Firstly, we extend the traditional dictionary learning and sparse coding algorithms onto hierarchical image representations in a principled way. To achieve dictionary atoms capture additional information from extended receptive fields and attain improved descriptive capacity, we present a two-pass multi-resolution cascade framework for dictionary learning and sparse coding. This cascade method allows collaborative reconstructions at different resolutions using only the same dimensional dictionary atoms. The jointly learned dictionary comprises atoms that adapt to the information available at the coarsest layer, where the support of atoms reaches a maximum range, and the residual images, where the supplementary details refine progressively a reconstruction objective. Our method generates flexible and accurate representations using only a small number of coefficients, and is efficient in computation.
In the following work, we propose to incorporate the traditional self-expressiveness property into deep learning to explore better representation for subspace clustering. This architecture is built upon deep auto-encoders, which non-linearly map the input data into a latent space. Our key idea is to introduce a novel self-expressive layer between the encoder and the decoder to mimic the ``self-expressiveness'' property that has proven effective in traditional subspace clustering. Being differentiable, our new self-expressive layer provides a simple but effective way to learn pairwise affinities between all data points through a standard back-propagation procedure. Being nonlinear, our neural-network based method is able to cluster data points having complex (often nonlinear) structures.
However, Subspace clustering algorithms are notorious for their scalability issues because building and processing large affinity matrices are demanding. We propose two methods to tackle this problem. One method is based on -Subspace Clustering, where we introduce a method that simultaneously learns an embedding space along subspaces within it to minimize a notion of reconstruction error, thus addressing the problem of subspace clustering in an end-to-end learning paradigm. This in turn frees us from the need of having an affinity matrix to perform clustering. The other way starts from using a feed forward network to replace the spectral clustering and learn the affinities of each data from "self-expressive" layer. We introduce the Neural Collaborative Subspace Clustering, where it benefits from a classifier which determines whether a pair of points lies on the same subspace under supervision of "self-expressive" layer. Essential to our model is the construction of two affinity matrices, one from the classifier and the other from a notion of subspace self-expressiveness, to supervise training in a collaborative scheme.

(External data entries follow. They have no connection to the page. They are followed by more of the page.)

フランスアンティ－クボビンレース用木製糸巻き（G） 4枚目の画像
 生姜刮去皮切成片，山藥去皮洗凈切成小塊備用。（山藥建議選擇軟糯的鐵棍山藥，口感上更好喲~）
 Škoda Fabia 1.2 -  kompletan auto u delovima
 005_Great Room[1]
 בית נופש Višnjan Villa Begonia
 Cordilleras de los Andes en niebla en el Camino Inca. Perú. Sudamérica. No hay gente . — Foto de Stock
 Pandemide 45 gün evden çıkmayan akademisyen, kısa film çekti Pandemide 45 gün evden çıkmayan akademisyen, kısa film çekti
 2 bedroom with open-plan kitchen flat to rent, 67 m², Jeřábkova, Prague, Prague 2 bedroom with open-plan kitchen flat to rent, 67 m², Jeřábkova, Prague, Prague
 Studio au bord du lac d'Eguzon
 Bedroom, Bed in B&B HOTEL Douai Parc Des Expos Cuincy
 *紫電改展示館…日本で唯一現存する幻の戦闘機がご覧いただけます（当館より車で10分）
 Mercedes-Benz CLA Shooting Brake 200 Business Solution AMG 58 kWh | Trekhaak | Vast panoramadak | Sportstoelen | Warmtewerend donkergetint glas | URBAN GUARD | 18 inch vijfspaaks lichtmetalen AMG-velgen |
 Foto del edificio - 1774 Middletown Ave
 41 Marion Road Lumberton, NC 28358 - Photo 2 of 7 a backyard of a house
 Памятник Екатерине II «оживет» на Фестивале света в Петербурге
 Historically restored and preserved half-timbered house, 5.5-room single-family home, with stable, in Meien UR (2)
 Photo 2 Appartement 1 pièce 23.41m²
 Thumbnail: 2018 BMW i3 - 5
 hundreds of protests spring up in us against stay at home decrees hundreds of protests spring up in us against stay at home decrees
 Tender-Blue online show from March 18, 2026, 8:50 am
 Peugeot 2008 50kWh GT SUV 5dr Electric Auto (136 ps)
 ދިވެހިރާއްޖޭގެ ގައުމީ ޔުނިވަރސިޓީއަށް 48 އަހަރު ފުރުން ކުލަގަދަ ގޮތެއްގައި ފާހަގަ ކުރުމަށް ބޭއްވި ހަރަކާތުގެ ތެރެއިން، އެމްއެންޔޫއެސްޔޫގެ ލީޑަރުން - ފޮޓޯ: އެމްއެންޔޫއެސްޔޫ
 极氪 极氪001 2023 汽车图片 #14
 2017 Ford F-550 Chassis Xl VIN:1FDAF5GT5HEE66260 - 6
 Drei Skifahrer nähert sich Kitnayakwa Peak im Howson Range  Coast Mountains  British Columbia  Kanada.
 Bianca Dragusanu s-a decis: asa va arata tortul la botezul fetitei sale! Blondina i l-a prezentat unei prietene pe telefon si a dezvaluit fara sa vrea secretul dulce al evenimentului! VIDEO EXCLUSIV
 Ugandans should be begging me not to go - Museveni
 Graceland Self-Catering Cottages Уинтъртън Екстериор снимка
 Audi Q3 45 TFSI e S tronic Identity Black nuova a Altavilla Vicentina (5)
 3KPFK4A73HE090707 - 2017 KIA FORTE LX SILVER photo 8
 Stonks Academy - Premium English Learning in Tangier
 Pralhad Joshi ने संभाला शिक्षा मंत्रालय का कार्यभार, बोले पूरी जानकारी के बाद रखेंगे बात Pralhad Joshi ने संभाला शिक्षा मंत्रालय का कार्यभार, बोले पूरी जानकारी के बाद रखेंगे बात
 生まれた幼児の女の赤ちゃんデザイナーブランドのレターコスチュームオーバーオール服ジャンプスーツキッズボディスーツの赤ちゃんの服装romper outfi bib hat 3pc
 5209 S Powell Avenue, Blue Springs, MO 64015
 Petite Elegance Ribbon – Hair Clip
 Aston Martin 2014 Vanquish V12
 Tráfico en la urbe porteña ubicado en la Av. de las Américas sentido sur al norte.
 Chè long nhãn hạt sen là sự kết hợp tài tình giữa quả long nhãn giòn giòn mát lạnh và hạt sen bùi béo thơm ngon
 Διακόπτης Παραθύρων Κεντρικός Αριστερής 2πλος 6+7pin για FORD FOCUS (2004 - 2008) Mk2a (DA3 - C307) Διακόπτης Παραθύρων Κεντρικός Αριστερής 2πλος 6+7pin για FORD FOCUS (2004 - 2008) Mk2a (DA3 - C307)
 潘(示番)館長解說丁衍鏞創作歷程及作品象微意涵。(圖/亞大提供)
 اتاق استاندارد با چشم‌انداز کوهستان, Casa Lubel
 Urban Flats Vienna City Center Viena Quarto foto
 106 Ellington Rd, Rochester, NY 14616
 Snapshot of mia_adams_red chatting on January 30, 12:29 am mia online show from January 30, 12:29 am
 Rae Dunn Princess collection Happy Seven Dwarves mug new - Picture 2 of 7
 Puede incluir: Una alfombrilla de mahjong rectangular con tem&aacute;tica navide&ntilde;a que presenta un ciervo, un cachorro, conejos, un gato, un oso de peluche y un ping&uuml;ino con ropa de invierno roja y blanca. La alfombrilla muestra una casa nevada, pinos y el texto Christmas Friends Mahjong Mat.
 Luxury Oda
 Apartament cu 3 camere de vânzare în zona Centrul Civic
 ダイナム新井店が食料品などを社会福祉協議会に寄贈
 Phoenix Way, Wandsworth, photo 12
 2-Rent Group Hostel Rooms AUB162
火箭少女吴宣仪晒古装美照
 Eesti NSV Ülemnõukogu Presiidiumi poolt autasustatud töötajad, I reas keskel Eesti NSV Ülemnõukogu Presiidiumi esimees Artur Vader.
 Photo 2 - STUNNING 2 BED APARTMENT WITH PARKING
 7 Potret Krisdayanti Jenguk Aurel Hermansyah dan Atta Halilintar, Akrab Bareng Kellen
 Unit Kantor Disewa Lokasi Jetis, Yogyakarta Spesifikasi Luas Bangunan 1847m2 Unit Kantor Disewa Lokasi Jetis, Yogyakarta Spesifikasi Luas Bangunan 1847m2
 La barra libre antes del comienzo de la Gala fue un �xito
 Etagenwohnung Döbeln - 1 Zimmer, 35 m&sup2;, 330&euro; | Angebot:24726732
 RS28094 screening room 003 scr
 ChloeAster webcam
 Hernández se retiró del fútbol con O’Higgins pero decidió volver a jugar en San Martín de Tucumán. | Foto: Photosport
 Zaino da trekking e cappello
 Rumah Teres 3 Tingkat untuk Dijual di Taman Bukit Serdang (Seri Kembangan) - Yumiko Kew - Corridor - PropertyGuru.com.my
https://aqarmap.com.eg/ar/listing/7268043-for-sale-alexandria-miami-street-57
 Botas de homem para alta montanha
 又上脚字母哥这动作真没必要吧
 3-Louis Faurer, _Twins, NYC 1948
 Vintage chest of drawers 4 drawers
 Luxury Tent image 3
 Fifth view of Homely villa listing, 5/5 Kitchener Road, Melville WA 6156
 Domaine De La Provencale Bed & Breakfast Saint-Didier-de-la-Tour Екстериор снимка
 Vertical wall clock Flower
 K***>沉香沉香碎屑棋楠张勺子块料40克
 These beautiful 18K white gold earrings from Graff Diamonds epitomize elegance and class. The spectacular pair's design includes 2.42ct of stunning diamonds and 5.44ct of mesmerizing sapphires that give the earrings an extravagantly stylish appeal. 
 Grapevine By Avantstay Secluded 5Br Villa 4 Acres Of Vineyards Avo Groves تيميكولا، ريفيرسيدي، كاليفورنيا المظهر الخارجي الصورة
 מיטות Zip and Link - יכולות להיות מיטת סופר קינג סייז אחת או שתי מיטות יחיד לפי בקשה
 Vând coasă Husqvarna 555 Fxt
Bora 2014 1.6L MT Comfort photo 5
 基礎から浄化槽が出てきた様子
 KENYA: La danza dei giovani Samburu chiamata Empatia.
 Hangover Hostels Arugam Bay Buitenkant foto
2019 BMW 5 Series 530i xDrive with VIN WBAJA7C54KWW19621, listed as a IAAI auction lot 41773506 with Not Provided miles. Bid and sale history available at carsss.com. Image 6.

In summary, we make constributions on how to perform the unsupervised learning in several tasks in this thesis. It starts from traditional sparse coding and dictionary learning perspective in low-level vision. Then, we exploit how to incorporate unsupervised learning in convolutional neural networks without label information and make subspace clustering to large scale dataset. Furthermore, we also extend the clustering on dense prediction task (saliency detection)